• **ABOUT THIS TASK**
Restate word for word the lines below from the one that has "Mariano’s Weekly Ad Flyer March 3 to March 9" through the one that has "Tech-Protect MagMat MagSafe", keeping both and dropping all pictures.

• **AVAILABLE DATA**
-------------------------

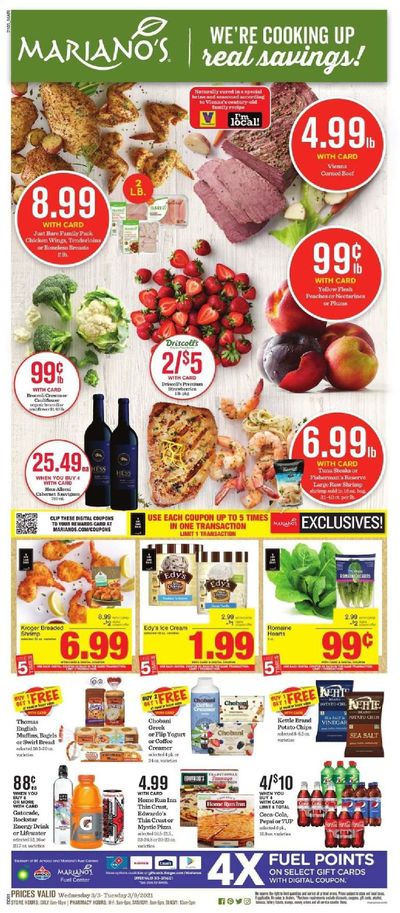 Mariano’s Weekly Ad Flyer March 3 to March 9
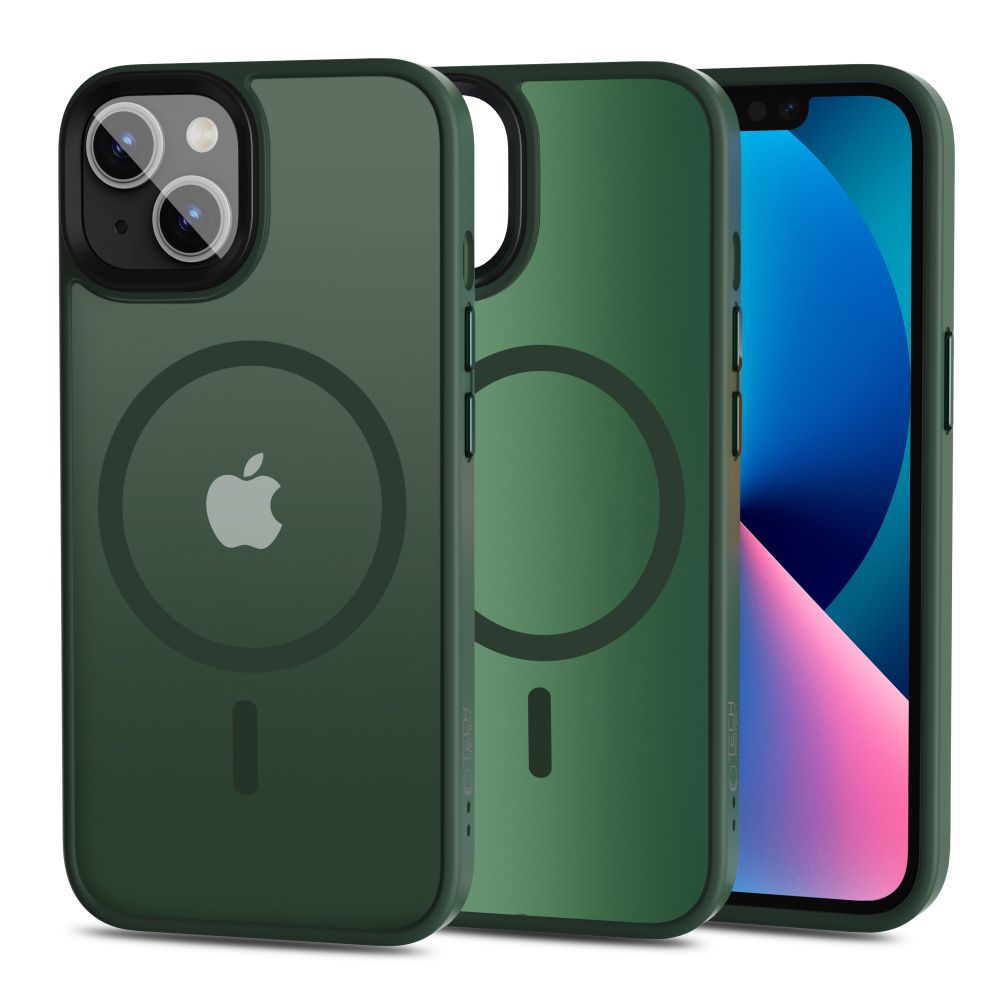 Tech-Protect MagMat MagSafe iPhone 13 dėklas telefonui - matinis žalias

-------------------------

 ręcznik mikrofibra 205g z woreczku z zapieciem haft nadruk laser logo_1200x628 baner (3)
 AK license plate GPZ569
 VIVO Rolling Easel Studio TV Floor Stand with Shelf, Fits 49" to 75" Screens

-------------------------

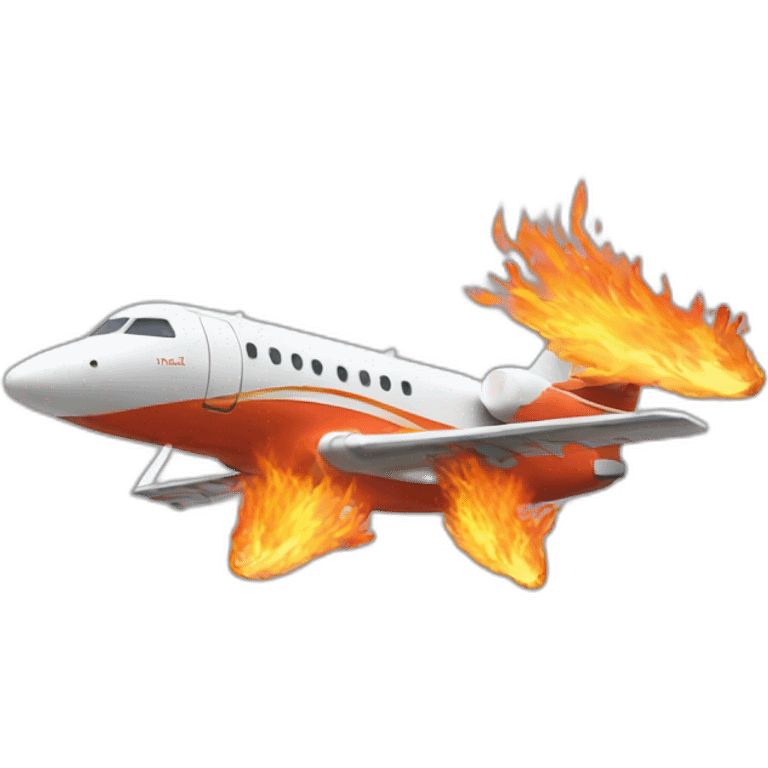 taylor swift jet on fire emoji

-------------------------

• **SOLUTION TO THIS PROBLEM**
 Mariano’s Weekly Ad Flyer March 3 to March 9
 Tech-Protect MagMat MagSafe iPhone 13 dėklas telefonui - matinis žalias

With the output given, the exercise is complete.